Synthesis of palladium complexes of chiral menthyl derived 1, 2, 4-triazole based N-heterocyclic carbene ligands

Suryakamal Sarma

Student, Department of Chemistry, B Borooah College, Guwahati 781007

Prof. Prasenjit Ghosh

Professor, Department of Chemistry, IIT Bombay, Mumbai 400076

Abstract

Two 1,2,4-triazole derived NHC-ligands 1,1’-(1S)-menthyl-1H-4,4’ethylidi-1,2,4-triazolium dibromide (1a) and 1,1’-((1S,2S,5R)-2-i-propyl-5-methylcyclohexyl)-1H-4,4’propylidi-1,2,4 triazolium dibromide (2a) were synthesised and characterised. Based on these, a series of bimetallic PEPPSI themed palladium complexes (1b) and (2b) namely, [1,1’-(1S)-menthyl-1H-4,4’-CH2(CH2)n-CH2-di-1,2,4-triazoline-5,5’-diylidene]Pd2Br4(pyridine)2 [n = 0 (1b) and n= 1 (2b)] were synthesised and characterised. The corresponding phosphine analogues of these bimetallic complexes (1c) and (2c) namely, [1,1’-((1S,2S,5R)-2-i-propyl-5-methylcyclohexyl)-1H-4,4’­-CH2(CH2)n-CH2-di-1,2,4 triazolium]Pd2Br4(PPh3)2 [n = 0 (1c) and n= 1 (2c)] were synthesised and characterised from the direct reaction of the respective PEPPSI themed palladium complexes ((1-2)b) with PPh3.

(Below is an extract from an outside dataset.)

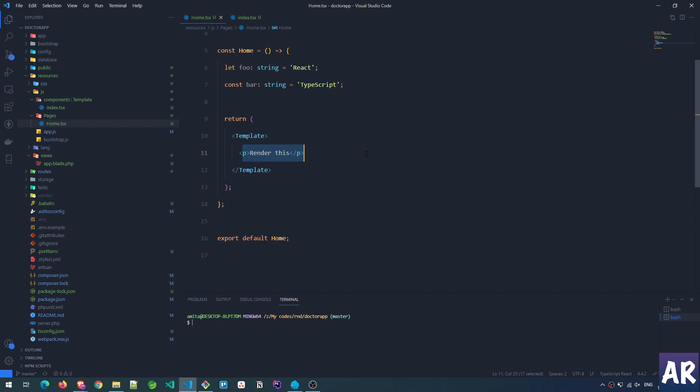That's about it in terms of the setup of the application. I'm slowly going to work on these things, and as videos are created I will continue to post them so you can understand how the development is progressing.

Keywords: NHC-ligand, bimetallic PEPPSI themed palladium, phosphine analogues

Abbreviations

Abbreviations
 NHCN- heterocyclic carbene
 PEPSSIPyridine enhanced precatalyst preparation stabilisation and initiation 
PdCl2 Palladium Chloride
K2CO3Potassium Carbonate
 KBrPotassium Bromide 
CuSO4Coppur Sulphate 
 NaSO4Sodium Sulfate 
NMR Nuclear Magnetic Resonance 
 Anal. Calcd.Analysis Calculated 
 CDCl3Deuterated Chloroform 

INTRODUCTION

Background

Enantiomerically pure compounds are very important for pharmaceutical and other uses which demands optical activity. Asymmetric synthesis is one of the most interesting and challenging method to prepare Enantiomerically pure compounds as one single molecule of chiral catalyst can transfer its chirality to produce thousands of new chiral molecules. Enantioselective reactions are the results of different possible diastereomeric reaction pathways and the efficiency of chiral transfer (enantiomeric excess) is depends on the steric and electronic factor of the transition states.

Statement of the Problems

Most of the asymmetric catalyst that have been developed so far are metal complexes with chiral ligands. These chiral ligands modify the reactivity and selectivity of the metal centre such a way that one of the enantiomers are formed in major amounts. The design of the suitable chiral ligands for a particular application remains formidable task as the mechanistic approach of the most of the ligands are not known. Nevertheless, for certain reactions such as Rh- catalysed hydrogenation and Pd-catalysed allylic substitution, the mechanisms are known. Moreover, useful general concepts have been developed during the last three decades that greatly facilitates the development of new chiral ligands, even in the absence of mechanistic explanations.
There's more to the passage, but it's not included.